Once upon a time, boys and girls, longer ago than most people remember, there was a time when the release of a movie starring Saturday Night Live alum was cause for celebration, and not a sign of the apocalypse. We ancient Xers remember this, my sweet little Millennial children, because a single film of this nature is, perhaps, the sardonic base upon which the entirety of Xer culture is built.

“Back off, man, I’m a scientist.”

Would The X-Files exist without 1984’s Ghostbusters? Would Buffy? Would world-weary sarcasm and snarky self-reference ever have reached the level of art form if not for Peter Venkman? The answers, okay, more than likely, are Yes, Yes, and Yes. But they’ll all more fun because Ghostbusters seared its way through our impressionable adolescent brains at just the right time to inflict the most grievous psychological injury.

“Let’s split up.”

“Right, we can cause more damage that way.”

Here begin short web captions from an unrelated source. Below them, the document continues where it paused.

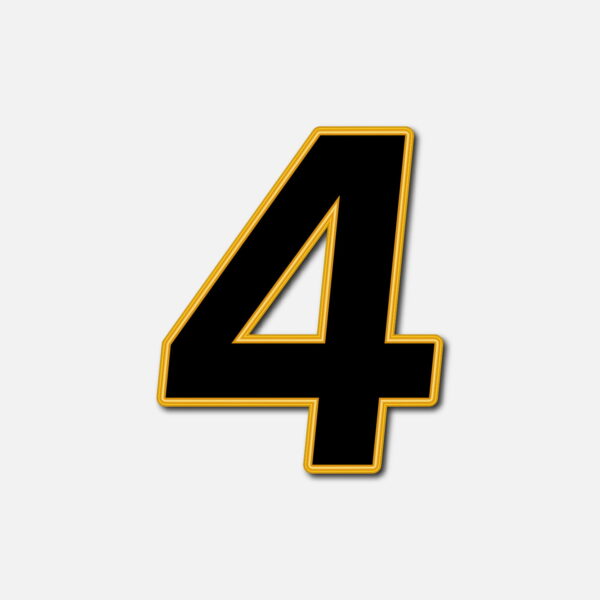 Number Four With Golden Border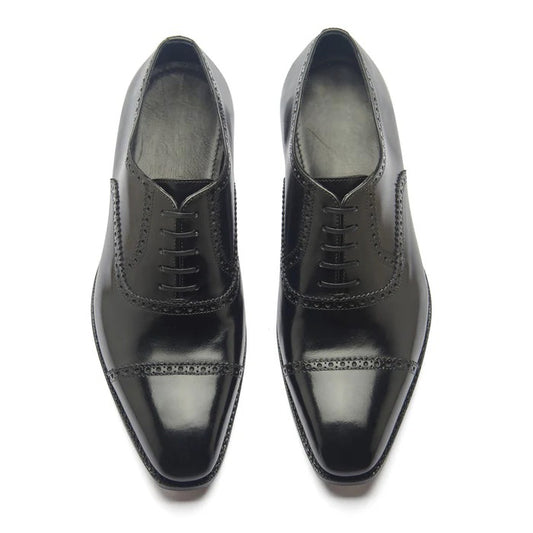 Bemer-X black quarter brogue Oxford shoes – front view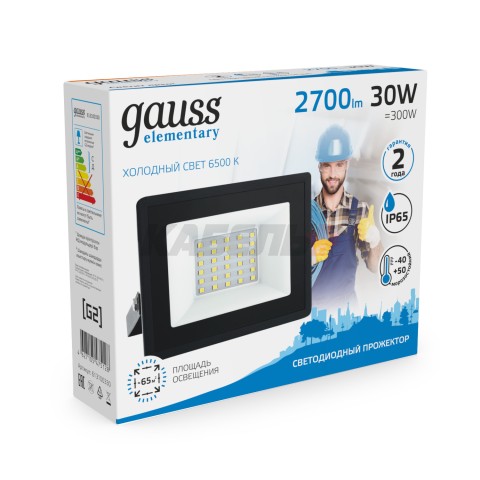 Прожектор светодиодный Gauss Elementary G2 30W 2700lm IP65 6500К черный 1/48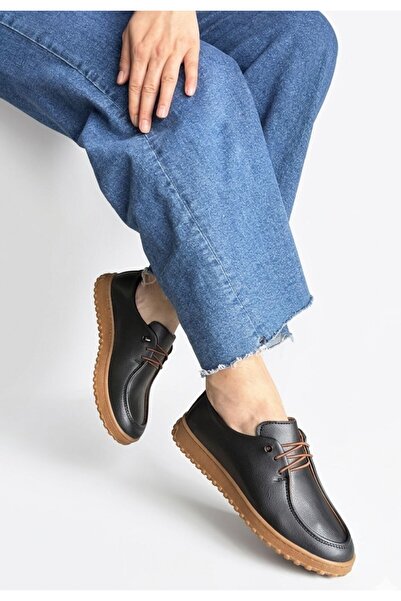 beybunn Guot Black Leather Lace-Up Ballerina Shoes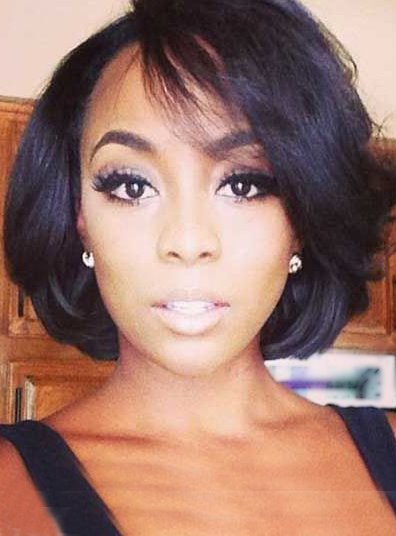 Medium Hairstyle Women's Straight Lace Front Human Hair Wigs 10 Inches - Image 55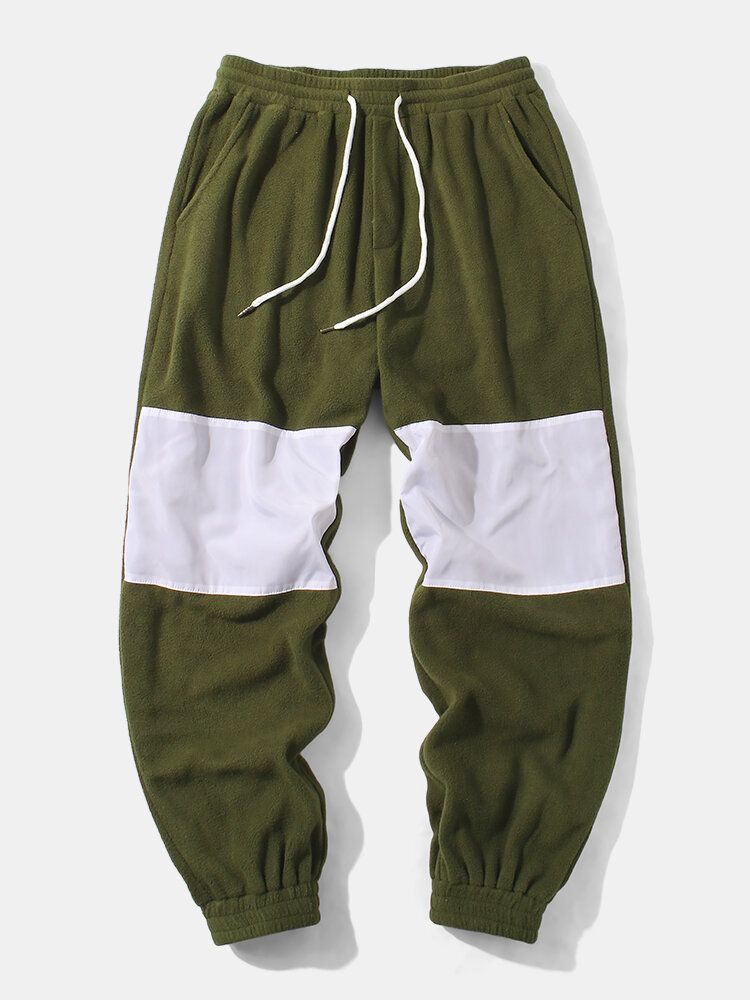 Pantalones De Chándal Con Cordón De Forro Polar De Retazos De Color En Contraste Para Hombre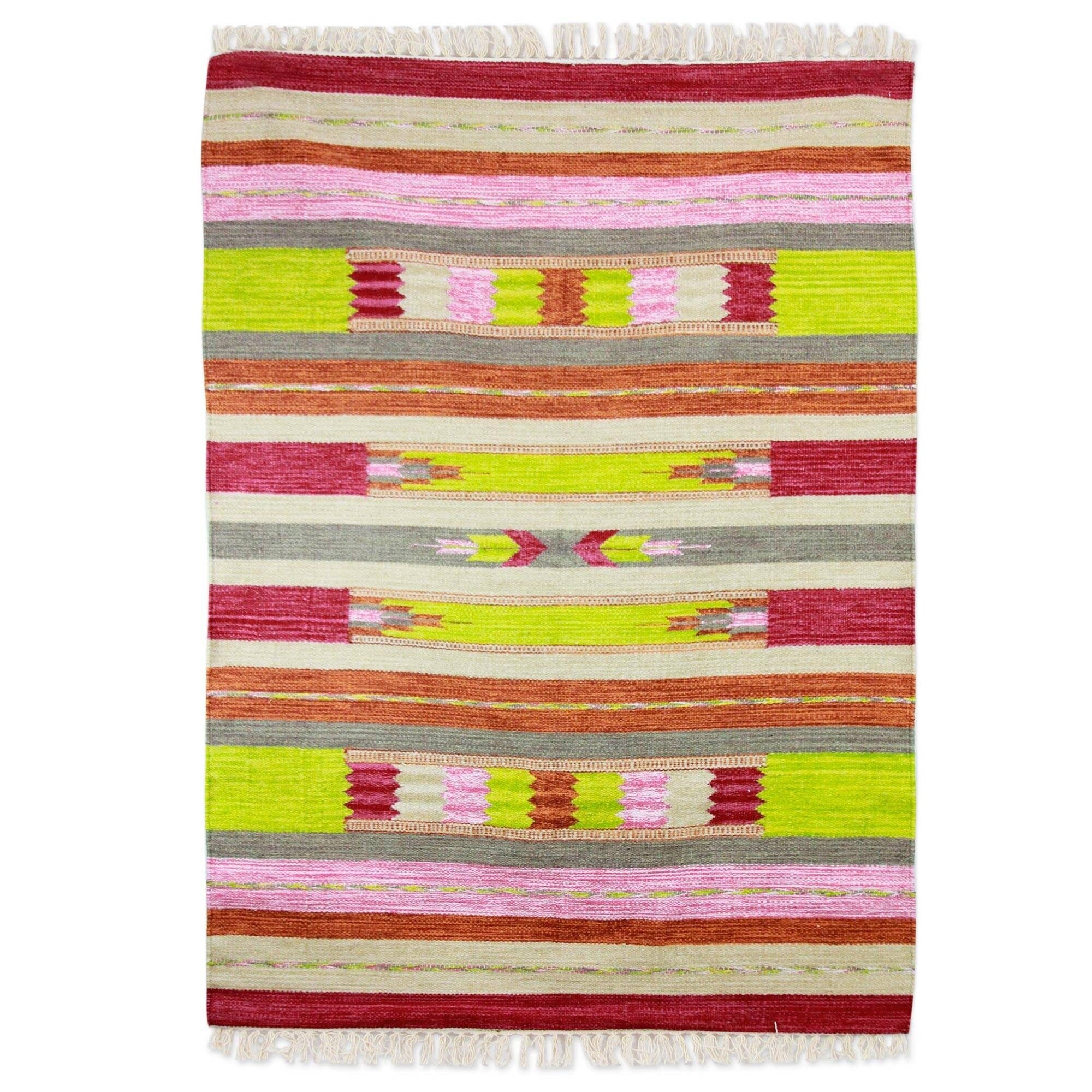 Handmade Cheerful Energy Wool Rug India Big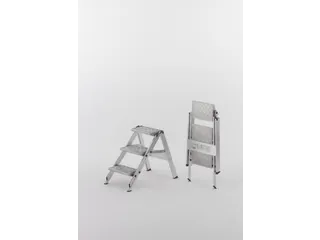 Veiligheids-Vouwtrap Aluminium Platform H 0 69M 3Treden Traanplaat - 1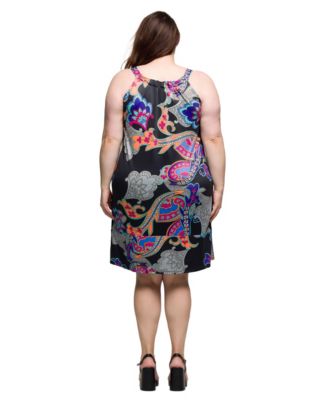 Plus Size Knee Length Print Sleeveless Keyhole Dress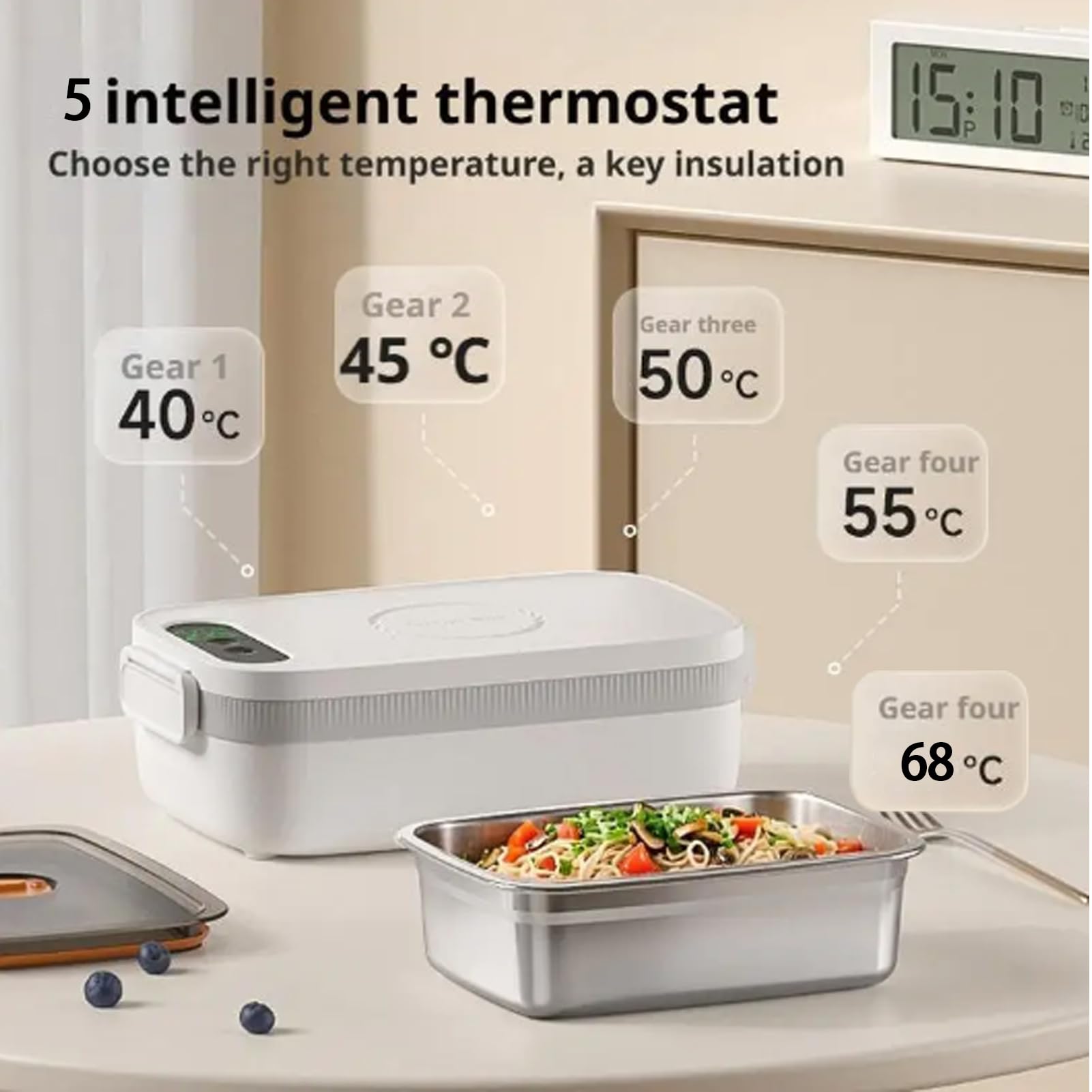 Calentador De Comida Portátil USB, Fiambrera Electrica Inalambrica Con Recipiente De Acero Inoxidable De 1l Fiambrera Calentable Para Hombre Para Coche Camión Trabajo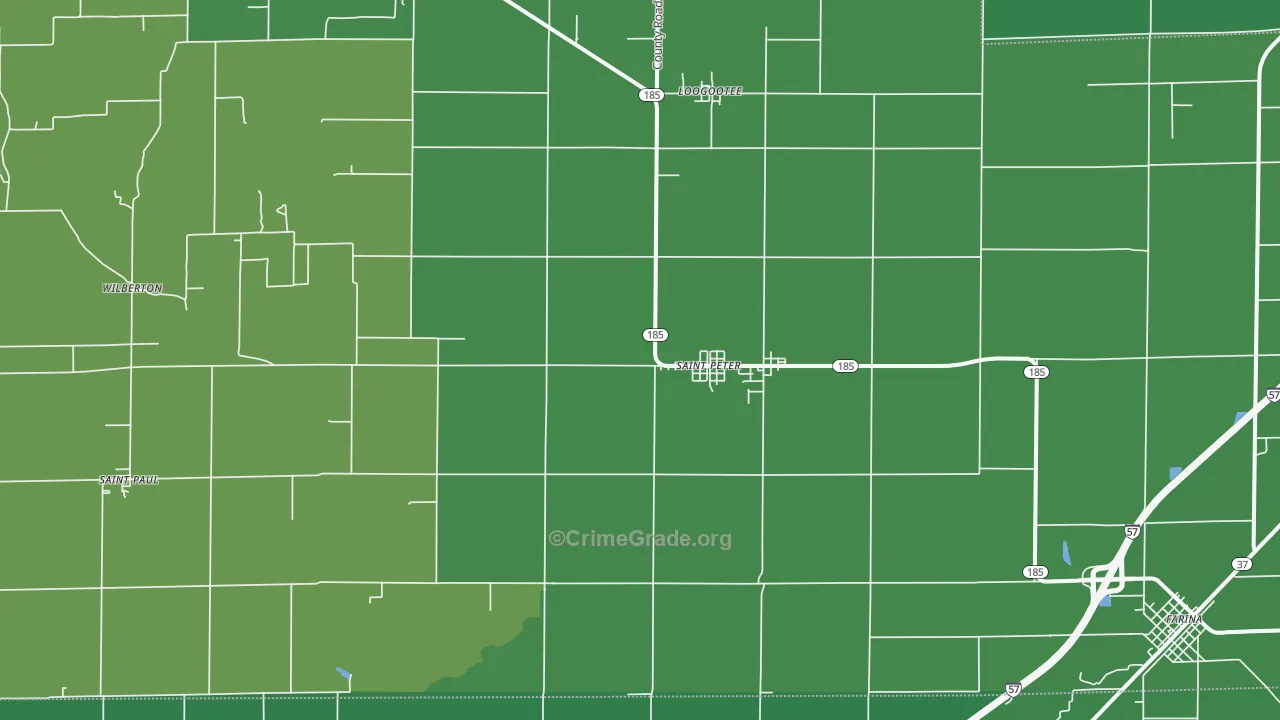 St. Peter, IL Map of Vehicle Theft Rates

Science is a scam to Dr. Peter Venkman (Bill Murray: Cradle Will Rock, Rushmore), a way to pick up chicks. Science is an all-consuming passion for Dr. Egon Spengler (Harold Ramis: As Good as It Gets). Science is a way to avoid real work for Dr. Raymond Stantz (Dan Aykroyd: Grosse Pointe Blank, Driving Miss Daisy) — “they expect results” in the private sector, he frets when the university funding for their studies into the paranormal is yanked. So they start up Ghostbusters, a firm that provides “professional paranormal investigations and eliminations.” They go to town, zapping “pretty pesky poltergeists” all over the Big Apple, using some of the coolest gadgets ever invented for a movie — including pocket-size ghost traps and backpack nuclear accelerators — and technobabble — like “free-floating, full-torso, vaporous apparition” — that would stand unchallenged for years in the annals of science fiction as the finest ever uttered.*

“He slimed me.”

The boys are a hit, and their rise to fame and glory is chronicled in one of the most effective montage sequences ever spliced together: Intercut with the bejumpsuited Ghostbusters dragging their steaming spirit traps through famous New York City landmarks and neighborhoods are spot-on parody covers of publications from USA Today to the New York Post, Omni to Atlantic Monthly — you’re not famous until you hit the cover of Time, and our heroes do. But evil things are brewing: the refrigerator in Dana Barrett’s (Sigourney Weaver: Galaxy Quest, The Ice Storm) Central Park West penthouse has been taken over by a demon named Zuul, and he won’t be happy till he sponsors carnage on a massive scale. The Ghostbusters have their work cut out for them.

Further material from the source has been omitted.